Somewhere in the entrepreneurial journey from an idea to a startup, founders will often meet friends and colleagues to brainstorm and develop their ideas. In some of these conversations “Oh I think you should meet XYZ person who’d be great for feedback” event happens multiple times. Some of these people are potential advisors for your startup. Here are some thoughts on how to think about advisors at various stages of the idea-to-company odyssey.
Remember your Advisor’s job is to help you make non-obvious choices in the face of imperfect and sometimes non-existent data. Recruit accordingly.
The Six Cardinal Directions of Effective Advisors
1. The most important skill an advisor can bring to you and your idea is a way to improve your idea by asking you the right and often ‘hard’ questions. People who want to replicate the success they had even if in the same area as your startup by repeating the same approach/execution/recipe are not the right ones for you. Beyond the usual “Oh Its nice” or “Its great” responses, listen for something that signals that your idea made them think. If they then come back with questions you haven’t yet asked yourself, they may be a good match as an advisor.
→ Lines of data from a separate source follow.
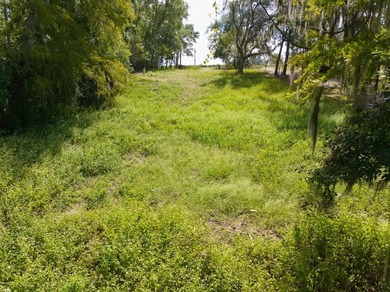 Lakefront Lot on Sought-After Cherry Lake - Madison, Florida - photo 16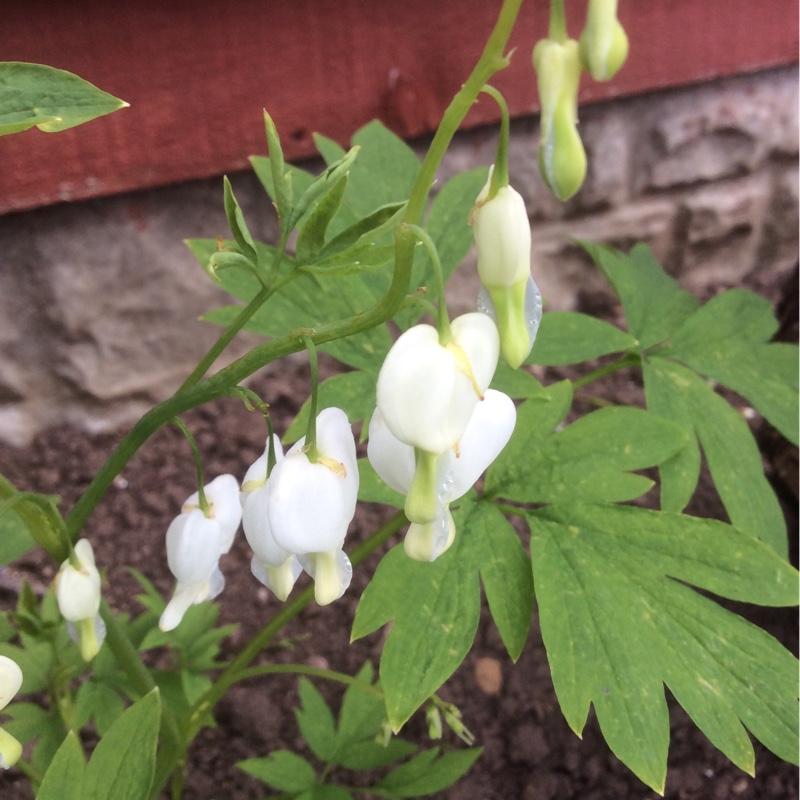 Bleeding Heart 'Alba'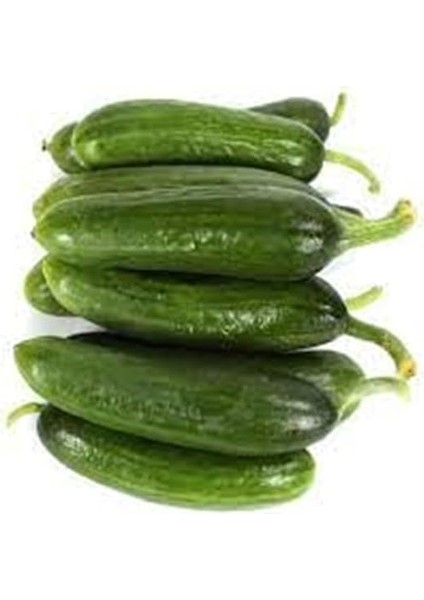 Tarım Yerli Doğal Kokulu Çengelköy Hıyarı Badem Salatalık 50 Adet Tohum modelleri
2. Don’t confuse mentor with advisor. Mentors are a rare breed of individuals. They are good at asking questions and making you learn regardless of what they or you are working on. Conflating the two may not necessarily be good for you or your startup.
3. How do they talk about failure and what they’ve learnt from the failure matters as much as what they’re successful at. Ask them what they have learnt in the last three years as a result of a failure that has now changed their thinking or behavior in a meaningful way.
4. Make sure you ask them if they have played the role (paid in equity usually) with at least one other startup. You want to ensure that they are not going to play ‘Product Manager’ for you with good intentions and potentially disastrous results. Advisors are not going to invent your product or your market or your product-features. They can be invaluable in pointing out the voids in your product strategy or feature-list or competitive dynamics. Advisors who are good at pointing out what doesn’t exist are often far more helpful than the ones who suggest a specific feature or two.
5. Ask them for a specific commitment of time, effort, and introductions you expect from them over the first year of your collaboration. Introduce them to your other advisors and create some opportunities for them to collaborate – enabling them to think beyond their usual domain is effectively delightful compensation for them beyond the equity you will give them.
6. Your advisors are not your investors. Keep these two roles separate. While there may be some overlap, they have distinct responsibilities for you and your startup.
The Entourage Approach
For certain startups and founders, an ‘entourage’ may be more appropriate which functions as early adopters and influencers in your marketplace. Perhaps the best example of this approach was about.me where @tonysphere and other founders were well connected and signed up 26 advisors to help them push to a million users within a year and an acquisition by AOL. If you’re not as well connected as the fine folks at about.me, this may not be the way to go. A weak entourage is baggage, not balloons.
I will write about Advisor compensation in a future post but here are some guidelines for silicon valley startups:
for early stage (between idea stage and funding) formal advisors, expect to share about 1% equity which goes down to approx 0.25% for seed-funded startups and often between 0.1 and 0.25% for developing stage startups. Typically the equity vests monthly over a year without any cliff and there is no other compensation (e.g. cash).